» Your objective: When you reach the line with "po x L 90 po", transcribe it and each line after it through the last one below, exactly. Pictures stay out.

» Material for this task:

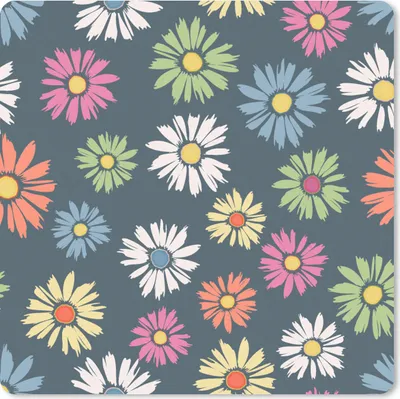 Produktbild von MuchoWow® Mauspad Mousepad Regenbogen - Design - Blumen 30x30 cm - Mousepads - Maus Mat - Pad - Mausunterlage - Gaming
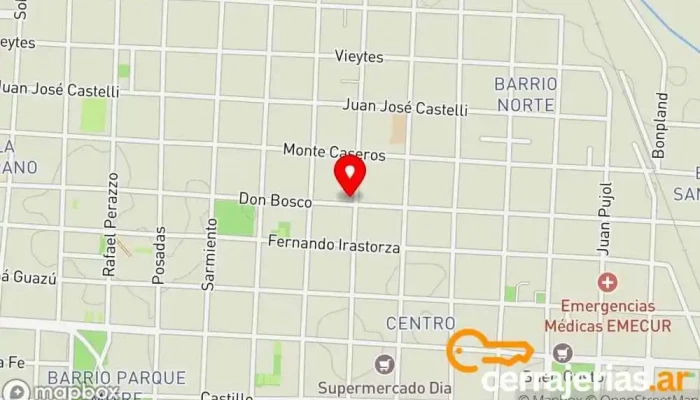 mapa de Corralón Curuzu Tienda de materiales para la construcción, Ferretería, Tienda de iluminación en Curuzú Cuatiá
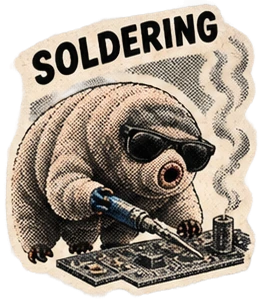 Tardigrade sticker: Soldering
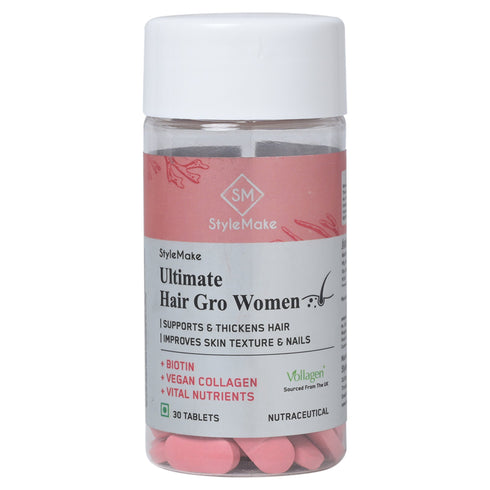 Style Make StyleMake Ultimate Hair Gro Vitamin for Women Premium Formula with Biotin Vegan Collagen from the UK Reduces Hair Loss Promotes Regrowth Enhances Skin & Nail Health 30 Tablets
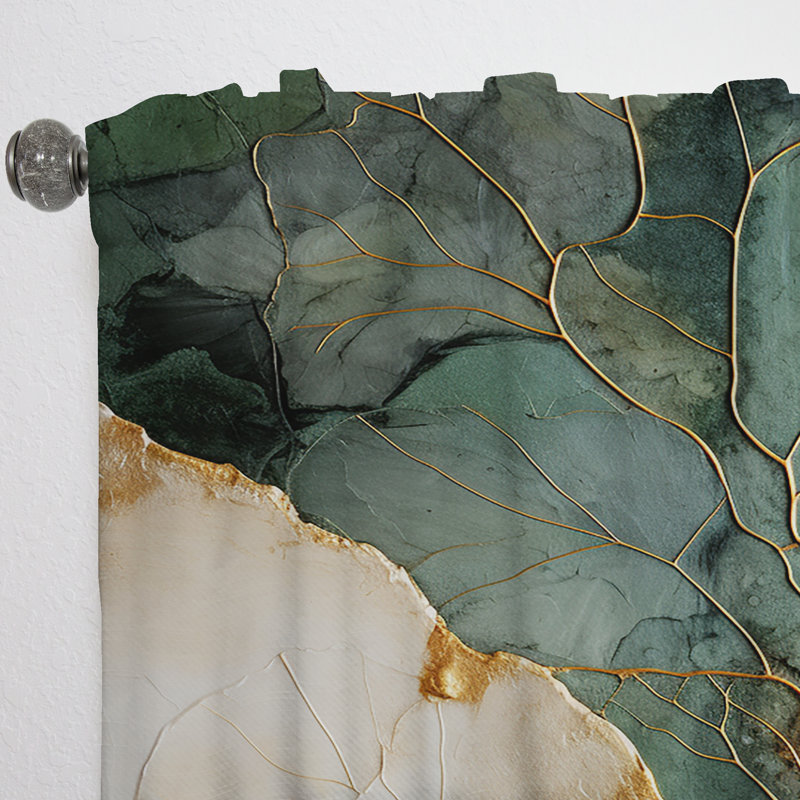 «Green», or et minimalisme, poteries I - rideau moderne - velours obscurcissant - 1 panneau, L 52 po x L 90 po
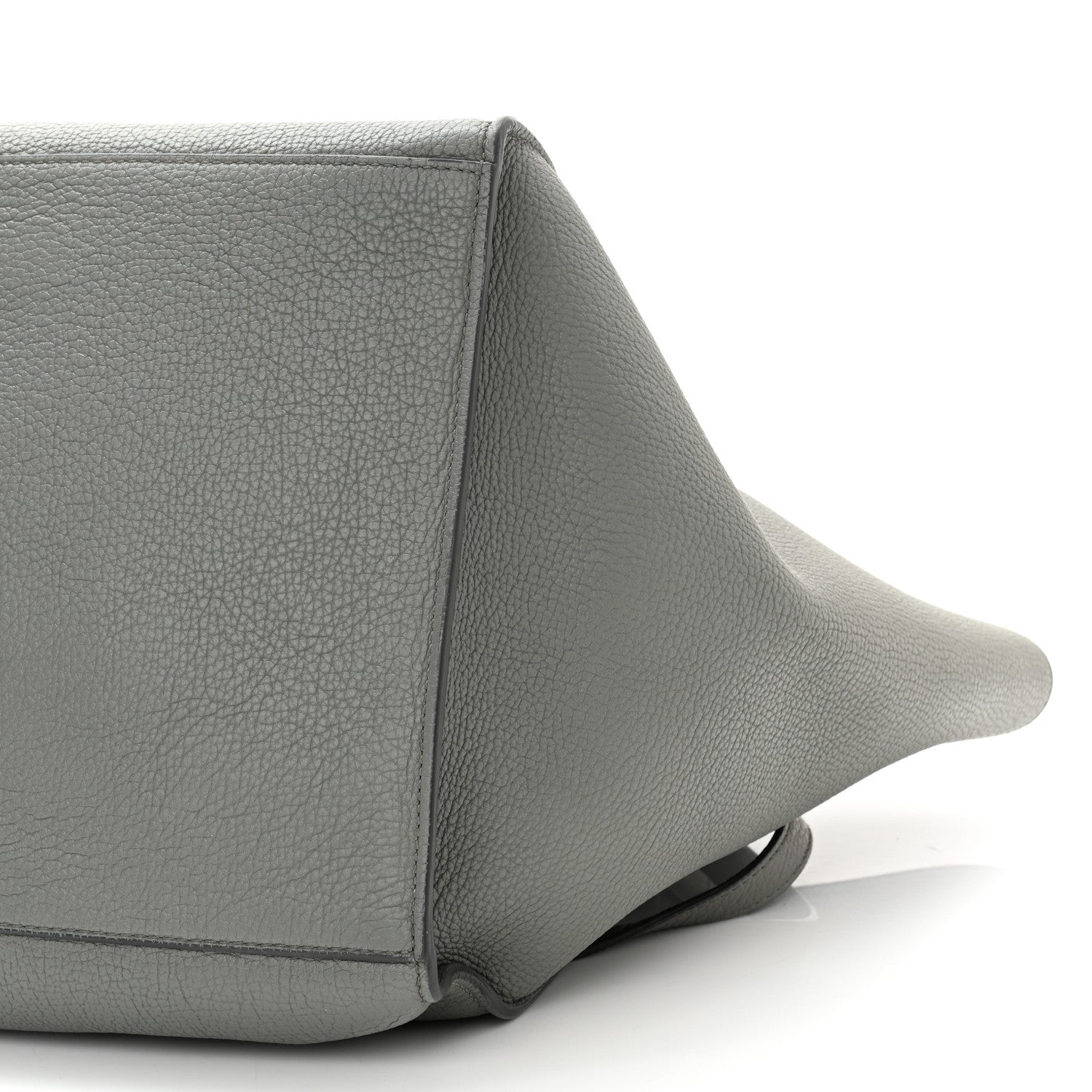 Celine Supple Calfskin Long Strap Small Big Bag Grey 10 of 12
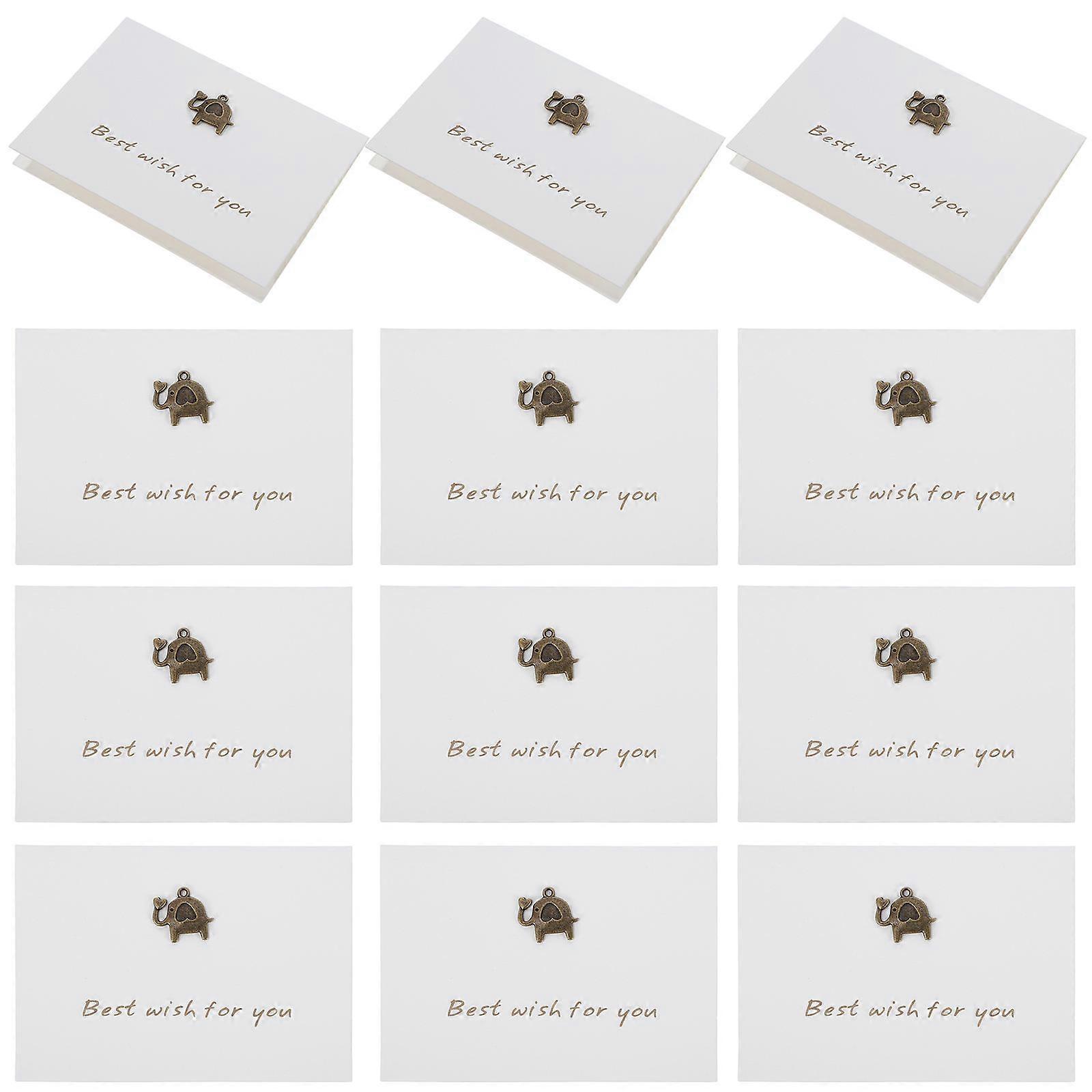 Happy New Year Cards Greeting Cards With Envelope Assorted Color Elegant Appearance Christmas 20 Sets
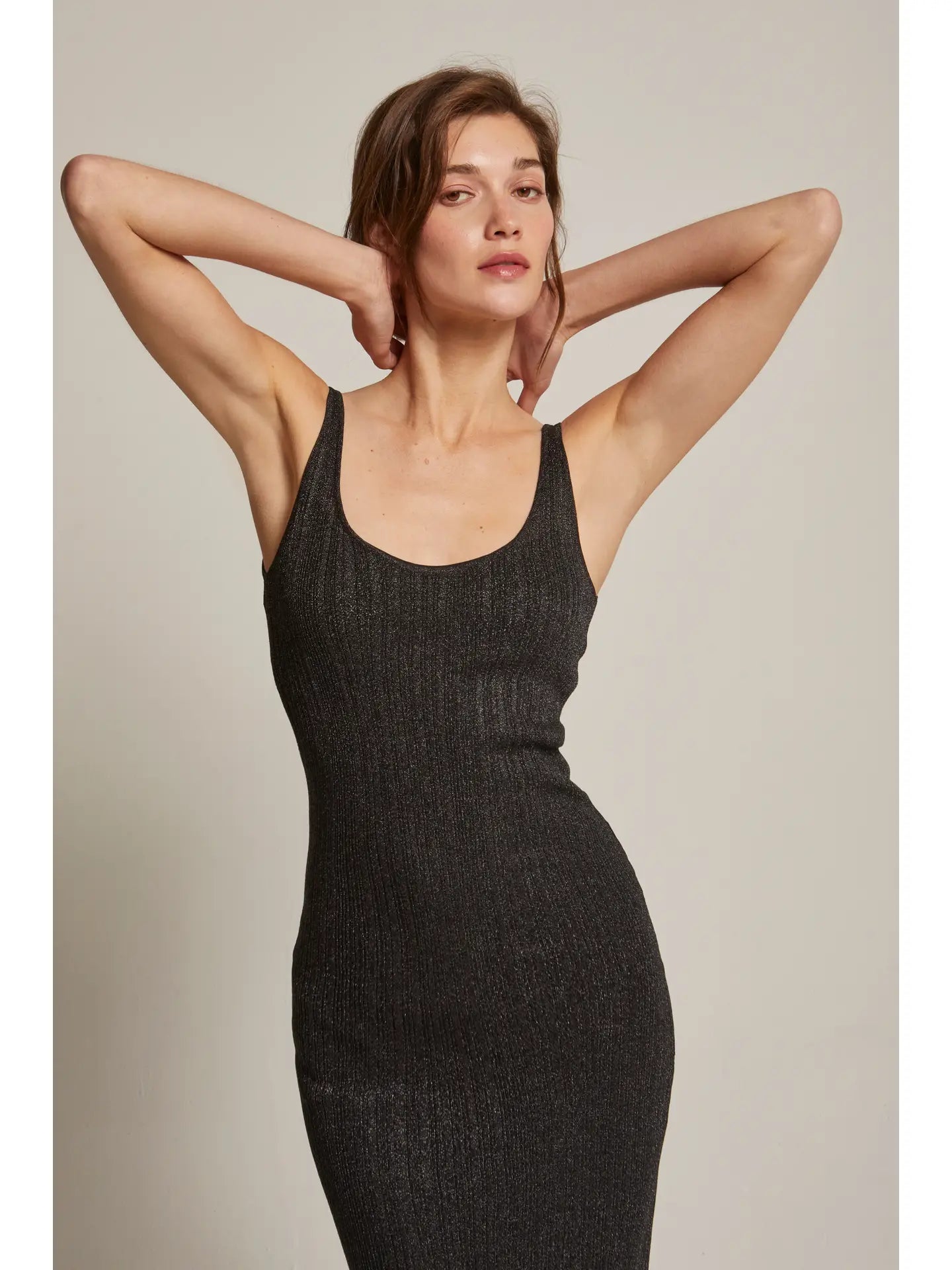 Emberly semi sheer ribbed maxi dress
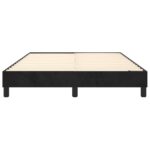 vidaXL Posteľný rám s boxspringom čierna 140x190 cm zamat – Obrázok 5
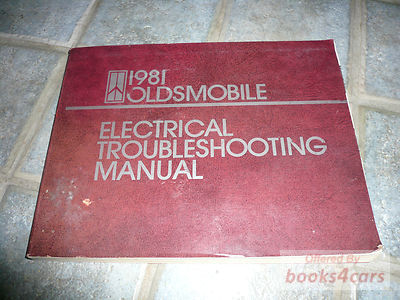 view cover of 1981 Electrical Troubleshooting manual by Oldsmobile for Cutlass 88 98 Toronado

» Exercise output:
 «Green», or et minimalisme, poteries I - rideau moderne - velours obscurcissant - 1 panneau, L 52 po x L 90 po
 Celine Supple Calfskin Long Strap Small Big Bag Grey 10 of 12
 Happy New Year Cards Greeting Cards With Envelope Assorted Color Elegant Appearance Christmas 20 Sets
 Emberly semi sheer ribbed maxi dress
 vidaXL Posteľný rám s boxspringom čierna 140x190 cm zamat – Obrázok 5
 view cover of 1981 Electrical Troubleshooting manual by Oldsmobile for Cutlass 88 98 Toronado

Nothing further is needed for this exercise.